90 Statutory rulesU.K.

(1)Any power of—

(a)the Lord Chancellor,

(b)the Secretary of State, or

(c)the First Minister and deputy First Minister,

to make an order or a scheme (or alterations to a scheme) under this Act shall be exercisable by statutory rule for the purposes of the Statutory Rules (Northern Ireland) Order 1979 (S.I. 1979/1573 (N.I. 12)).

(2)An order containing provision made by virtue of section 2(2)(b) (whether or not together with other provision) shall be subject to affirmative resolution (within the meaning of section 41(4) of the Interpretation Act (Northern Ireland) 1954 (c. 33 (N.I.)).
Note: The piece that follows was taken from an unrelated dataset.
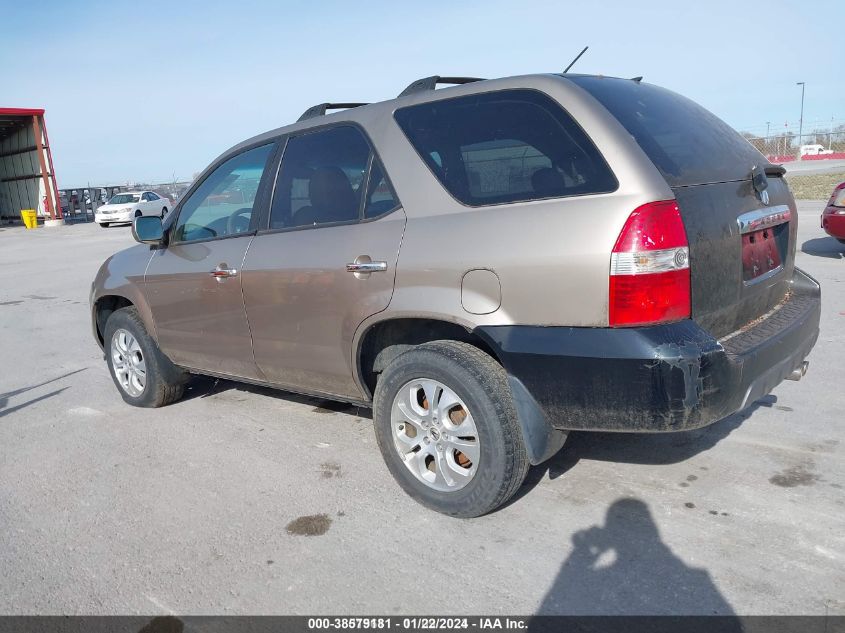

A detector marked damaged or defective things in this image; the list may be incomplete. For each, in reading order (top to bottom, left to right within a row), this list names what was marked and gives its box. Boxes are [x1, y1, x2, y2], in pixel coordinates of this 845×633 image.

rear bumper damage [478, 266, 820, 464]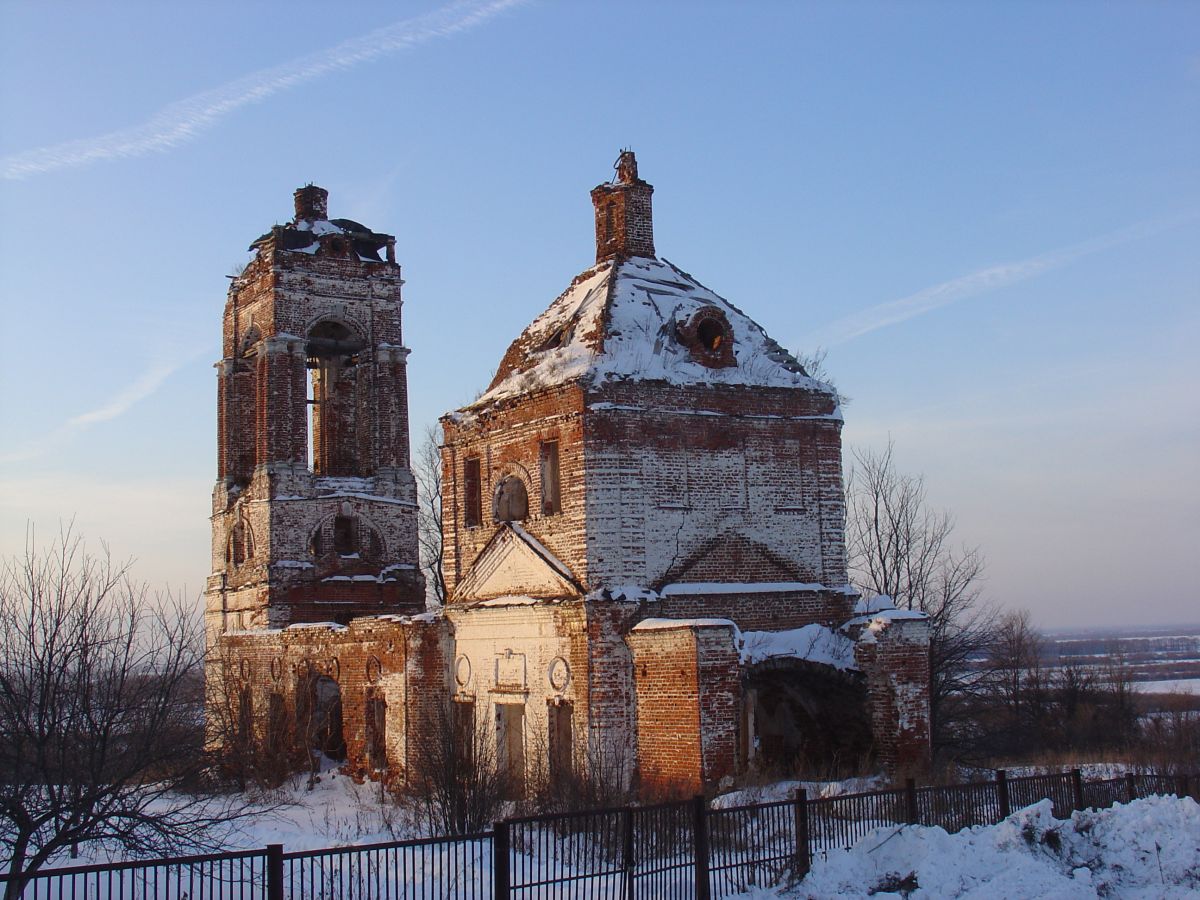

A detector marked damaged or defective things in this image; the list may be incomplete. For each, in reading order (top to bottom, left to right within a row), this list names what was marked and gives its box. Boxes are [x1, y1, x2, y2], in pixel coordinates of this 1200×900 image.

damaged bell tower [206, 185, 426, 648]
(3)An order containing provision made by virtue of section 2(2)(a) or (c) (whether or not together with other provision) which is not subject to affirmative resolution shall be subject to negative resolution (within the meaning of section 41(6) of the Interpretation Act (Northern Ireland) 1954).

(4)No order containing (whether or not together with other provision) provision made by virtue of section 9(4), 19(4)(b), 46(6)(a) or (b), 72(1), (3), (7) or (8) or 78 shall be made unless a draft of the order has been laid before, and approved by a resolution of, each House of Parliament.
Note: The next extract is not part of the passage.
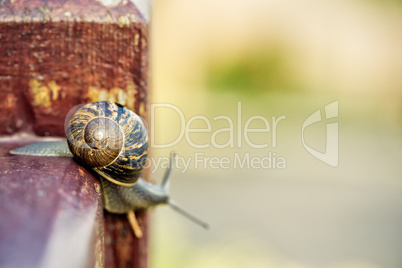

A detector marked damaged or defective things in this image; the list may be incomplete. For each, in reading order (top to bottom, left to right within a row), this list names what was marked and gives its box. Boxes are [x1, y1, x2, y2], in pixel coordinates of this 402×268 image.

rusty wooden post [0, 1, 151, 266]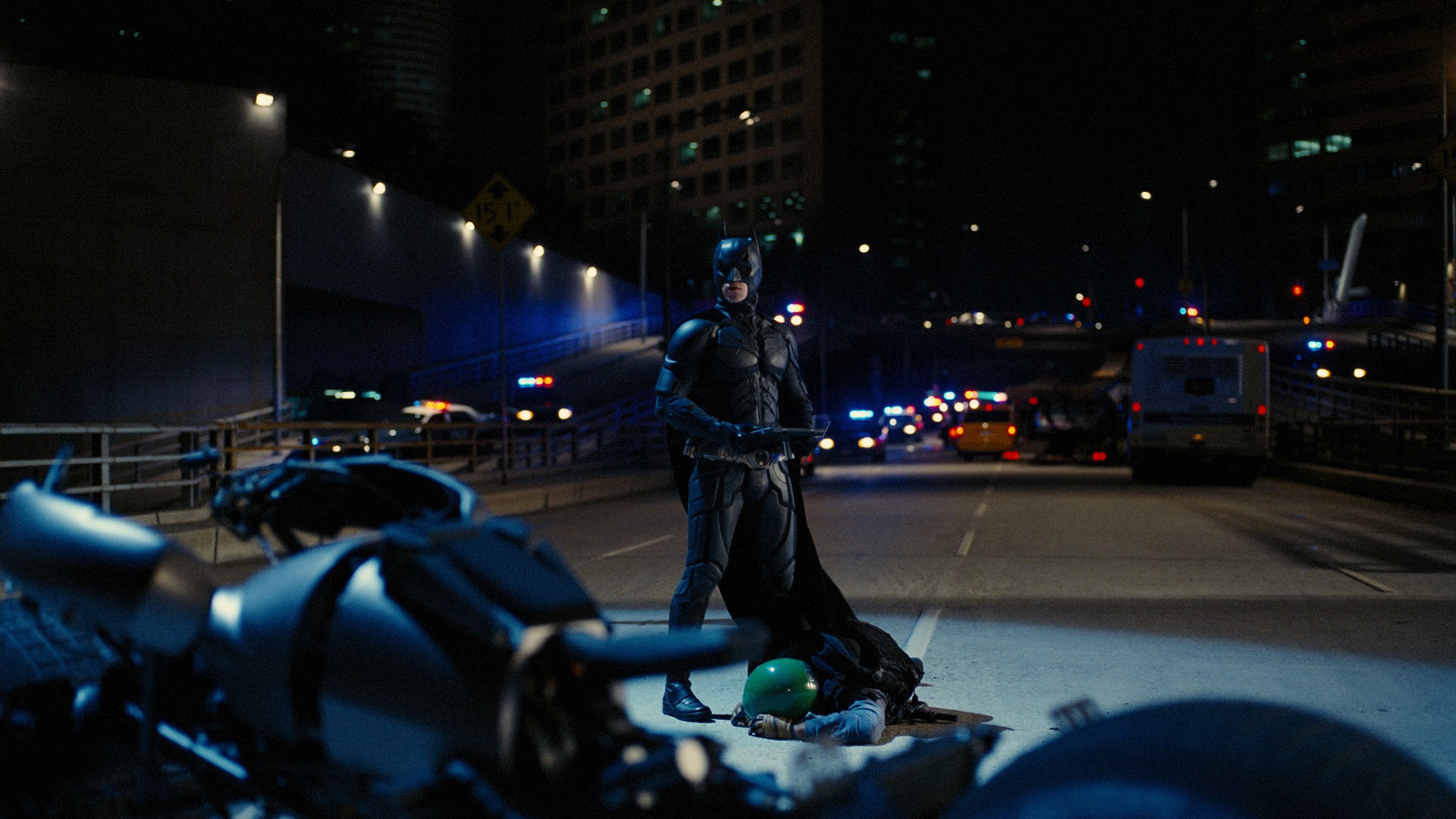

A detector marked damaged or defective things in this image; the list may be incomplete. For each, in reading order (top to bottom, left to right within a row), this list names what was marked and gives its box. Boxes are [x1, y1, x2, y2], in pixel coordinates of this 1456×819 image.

(5)The following instruments—

(a)an order under section 10(4), 12(3), 19(4)(a) or (c), 28(2), 46(6)(c), 63(2), 72(2) or 85(2), Schedule 4 or paragraph 7(3) of Schedule 8, and

(b)a scheme (or alterations to a scheme) under section 68,

shall, unless a draft has been approved by a resolution of each House of Parliament, be subject to annulment in pursuance of a resolution of either House of Parliament in the same manner as a statutory instrument; and section 5 of the Statutory Instruments Act 1946 (c. 36) applies accordingly.

91 ExtentU.K.

(1)Subject as follows, the preceding provisions of this Act (with the Schedules) extend to Northern Ireland only.

(2)Subsection (1) does not apply to any of the following provisions—

(a)section 10(6) and paragraphs 5 and 6 of Schedule 4,

(b)section 22(1), and

(c)section 27(1),

and sections 87 to 90 so far as relating to those provisions.

(3)Any amendment made by this Act, apart from the repeal of sections 4 and 6 of the Promissory Oaths Act 1868 (c. 72), has the same extent as the provision to which it relates.

92 Financial provisionU.K.

There is to be paid out of money provided by Parliament—

(a)any expenditure incurred by a Minister of the Crown by virtue of this Act, and

(b)any increase attributable to this Act in the sums payable by virtue of any other Act out of money so provided.

93 Short titleU.K.

This Act may be cited as the Justice (Northern Ireland) Act 2002.